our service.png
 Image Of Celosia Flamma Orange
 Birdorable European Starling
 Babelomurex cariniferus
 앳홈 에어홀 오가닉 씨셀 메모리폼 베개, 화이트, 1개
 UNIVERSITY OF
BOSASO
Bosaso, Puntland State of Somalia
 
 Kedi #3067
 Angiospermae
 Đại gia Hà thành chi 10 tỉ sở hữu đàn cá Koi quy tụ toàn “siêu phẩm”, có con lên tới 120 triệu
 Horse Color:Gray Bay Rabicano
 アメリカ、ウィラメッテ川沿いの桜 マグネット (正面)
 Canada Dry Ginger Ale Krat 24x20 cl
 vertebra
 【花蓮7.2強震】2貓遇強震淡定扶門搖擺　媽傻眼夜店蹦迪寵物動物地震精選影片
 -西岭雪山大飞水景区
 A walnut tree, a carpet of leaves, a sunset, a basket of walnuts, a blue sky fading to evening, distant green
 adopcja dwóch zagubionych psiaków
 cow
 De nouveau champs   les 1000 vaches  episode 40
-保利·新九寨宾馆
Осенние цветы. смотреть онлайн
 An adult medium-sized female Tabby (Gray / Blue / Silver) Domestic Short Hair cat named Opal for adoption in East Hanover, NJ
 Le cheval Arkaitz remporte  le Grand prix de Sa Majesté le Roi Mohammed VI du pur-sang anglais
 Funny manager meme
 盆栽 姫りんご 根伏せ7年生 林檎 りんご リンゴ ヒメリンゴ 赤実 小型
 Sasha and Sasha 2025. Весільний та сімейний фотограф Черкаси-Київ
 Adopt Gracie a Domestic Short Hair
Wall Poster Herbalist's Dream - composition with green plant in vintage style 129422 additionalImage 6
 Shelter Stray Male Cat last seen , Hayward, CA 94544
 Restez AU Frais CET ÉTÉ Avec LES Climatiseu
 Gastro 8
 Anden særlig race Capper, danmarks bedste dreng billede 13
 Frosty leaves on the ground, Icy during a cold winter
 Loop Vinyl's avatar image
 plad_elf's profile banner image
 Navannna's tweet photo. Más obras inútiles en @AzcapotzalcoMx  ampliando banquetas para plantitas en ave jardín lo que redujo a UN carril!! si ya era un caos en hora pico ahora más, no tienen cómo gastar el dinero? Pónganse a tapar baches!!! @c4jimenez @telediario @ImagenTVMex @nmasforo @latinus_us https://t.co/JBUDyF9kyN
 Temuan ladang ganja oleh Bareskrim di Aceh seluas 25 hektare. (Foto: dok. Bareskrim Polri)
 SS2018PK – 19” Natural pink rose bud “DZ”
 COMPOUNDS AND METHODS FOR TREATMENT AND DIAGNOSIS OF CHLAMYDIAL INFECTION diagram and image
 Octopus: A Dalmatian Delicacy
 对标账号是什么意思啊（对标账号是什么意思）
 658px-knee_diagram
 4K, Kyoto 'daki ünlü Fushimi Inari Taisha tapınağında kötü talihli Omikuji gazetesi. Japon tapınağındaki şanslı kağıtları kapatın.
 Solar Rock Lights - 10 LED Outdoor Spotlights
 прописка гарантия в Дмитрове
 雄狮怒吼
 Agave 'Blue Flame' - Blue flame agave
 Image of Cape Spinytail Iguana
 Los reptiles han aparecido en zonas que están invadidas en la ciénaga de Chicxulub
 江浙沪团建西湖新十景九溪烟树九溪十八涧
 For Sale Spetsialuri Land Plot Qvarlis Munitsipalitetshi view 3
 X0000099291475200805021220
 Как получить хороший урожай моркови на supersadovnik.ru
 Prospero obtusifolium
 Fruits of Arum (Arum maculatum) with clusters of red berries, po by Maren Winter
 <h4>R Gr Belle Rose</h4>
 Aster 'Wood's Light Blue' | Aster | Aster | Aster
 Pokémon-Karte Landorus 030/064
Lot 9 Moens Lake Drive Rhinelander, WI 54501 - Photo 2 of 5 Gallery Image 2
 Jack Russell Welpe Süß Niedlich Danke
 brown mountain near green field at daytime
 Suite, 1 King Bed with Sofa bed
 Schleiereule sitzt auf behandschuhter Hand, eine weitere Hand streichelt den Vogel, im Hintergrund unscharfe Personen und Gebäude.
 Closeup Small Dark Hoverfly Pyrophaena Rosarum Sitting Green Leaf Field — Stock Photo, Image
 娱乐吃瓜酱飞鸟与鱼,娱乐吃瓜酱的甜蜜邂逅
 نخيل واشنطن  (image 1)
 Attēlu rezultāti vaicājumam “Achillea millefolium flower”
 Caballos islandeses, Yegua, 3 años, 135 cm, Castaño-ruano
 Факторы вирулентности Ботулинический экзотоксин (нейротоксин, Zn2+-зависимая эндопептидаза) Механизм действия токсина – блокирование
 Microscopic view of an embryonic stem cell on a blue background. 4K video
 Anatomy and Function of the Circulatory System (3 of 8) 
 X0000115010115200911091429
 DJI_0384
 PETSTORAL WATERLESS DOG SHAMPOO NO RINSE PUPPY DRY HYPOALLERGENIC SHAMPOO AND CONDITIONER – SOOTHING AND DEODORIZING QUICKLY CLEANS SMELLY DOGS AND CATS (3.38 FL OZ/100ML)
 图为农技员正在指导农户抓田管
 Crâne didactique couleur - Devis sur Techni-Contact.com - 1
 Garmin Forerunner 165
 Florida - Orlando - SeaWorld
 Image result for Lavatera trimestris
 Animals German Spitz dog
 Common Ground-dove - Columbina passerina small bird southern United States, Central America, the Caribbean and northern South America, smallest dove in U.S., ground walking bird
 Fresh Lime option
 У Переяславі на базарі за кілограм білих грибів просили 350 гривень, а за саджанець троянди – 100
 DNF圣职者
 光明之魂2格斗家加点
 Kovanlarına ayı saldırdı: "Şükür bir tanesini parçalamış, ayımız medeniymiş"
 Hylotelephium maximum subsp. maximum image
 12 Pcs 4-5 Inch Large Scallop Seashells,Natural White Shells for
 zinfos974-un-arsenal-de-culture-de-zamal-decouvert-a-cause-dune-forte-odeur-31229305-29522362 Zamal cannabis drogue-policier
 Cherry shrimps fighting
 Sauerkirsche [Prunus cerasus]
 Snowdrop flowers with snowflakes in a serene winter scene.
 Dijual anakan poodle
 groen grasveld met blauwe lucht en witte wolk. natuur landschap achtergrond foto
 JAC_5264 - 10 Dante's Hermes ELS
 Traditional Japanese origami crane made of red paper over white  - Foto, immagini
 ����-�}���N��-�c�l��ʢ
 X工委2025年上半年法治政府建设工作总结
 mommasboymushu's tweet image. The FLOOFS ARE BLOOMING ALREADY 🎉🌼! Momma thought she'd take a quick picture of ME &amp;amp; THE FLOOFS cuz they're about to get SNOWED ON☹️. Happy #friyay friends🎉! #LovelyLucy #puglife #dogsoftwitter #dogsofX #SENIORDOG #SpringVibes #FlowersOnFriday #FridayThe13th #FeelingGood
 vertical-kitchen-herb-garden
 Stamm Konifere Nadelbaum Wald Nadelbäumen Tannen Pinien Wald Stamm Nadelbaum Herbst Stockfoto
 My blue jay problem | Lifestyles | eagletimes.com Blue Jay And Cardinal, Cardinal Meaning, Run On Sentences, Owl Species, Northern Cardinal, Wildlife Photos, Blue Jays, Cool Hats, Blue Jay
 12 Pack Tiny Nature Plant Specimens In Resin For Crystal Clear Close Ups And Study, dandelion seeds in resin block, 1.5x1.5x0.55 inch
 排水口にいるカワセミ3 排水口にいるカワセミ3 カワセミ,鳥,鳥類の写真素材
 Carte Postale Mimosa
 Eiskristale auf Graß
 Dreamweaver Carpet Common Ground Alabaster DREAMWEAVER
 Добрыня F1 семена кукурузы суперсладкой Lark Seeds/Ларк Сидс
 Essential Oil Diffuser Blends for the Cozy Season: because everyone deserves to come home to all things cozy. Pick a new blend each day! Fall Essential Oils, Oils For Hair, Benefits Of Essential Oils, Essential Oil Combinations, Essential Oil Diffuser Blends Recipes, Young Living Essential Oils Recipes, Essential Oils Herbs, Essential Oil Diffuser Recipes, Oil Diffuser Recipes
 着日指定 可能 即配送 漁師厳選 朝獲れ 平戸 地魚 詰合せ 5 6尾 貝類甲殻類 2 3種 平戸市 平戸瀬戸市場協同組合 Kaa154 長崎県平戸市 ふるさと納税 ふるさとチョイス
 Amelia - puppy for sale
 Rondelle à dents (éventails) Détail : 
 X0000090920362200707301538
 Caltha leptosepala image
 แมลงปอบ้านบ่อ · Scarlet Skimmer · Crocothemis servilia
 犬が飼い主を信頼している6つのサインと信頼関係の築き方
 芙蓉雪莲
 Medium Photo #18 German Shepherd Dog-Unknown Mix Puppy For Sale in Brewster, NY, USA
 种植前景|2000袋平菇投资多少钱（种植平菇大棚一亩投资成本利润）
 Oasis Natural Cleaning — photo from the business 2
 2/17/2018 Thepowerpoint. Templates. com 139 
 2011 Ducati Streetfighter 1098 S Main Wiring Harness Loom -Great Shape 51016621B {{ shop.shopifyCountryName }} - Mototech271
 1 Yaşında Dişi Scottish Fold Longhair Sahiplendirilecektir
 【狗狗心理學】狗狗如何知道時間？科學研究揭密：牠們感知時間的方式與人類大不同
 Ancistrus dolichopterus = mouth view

═══

- [Exercise prompt]: Starting at the line above that contains "adopcja dwóch zagubionych psiaków", write out each line exactly until the line that contains "Adopt Gracie a Domestic Short Hair" has been written, and stop there.

- [Reply to the exercise]:
 adopcja dwóch zagubionych psiaków
 cow
 De nouveau champs   les 1000 vaches  episode 40
-保利·新九寨宾馆
Осенние цветы. смотреть онлайн
 An adult medium-sized female Tabby (Gray / Blue / Silver) Domestic Short Hair cat named Opal for adoption in East Hanover, NJ
 Le cheval Arkaitz remporte  le Grand prix de Sa Majesté le Roi Mohammed VI du pur-sang anglais
 Funny manager meme
 盆栽 姫りんご 根伏せ7年生 林檎 りんご リンゴ ヒメリンゴ 赤実 小型
 Sasha and Sasha 2025. Весільний та сімейний фотограф Черкаси-Київ
 Adopt Gracie a Domestic Short Hair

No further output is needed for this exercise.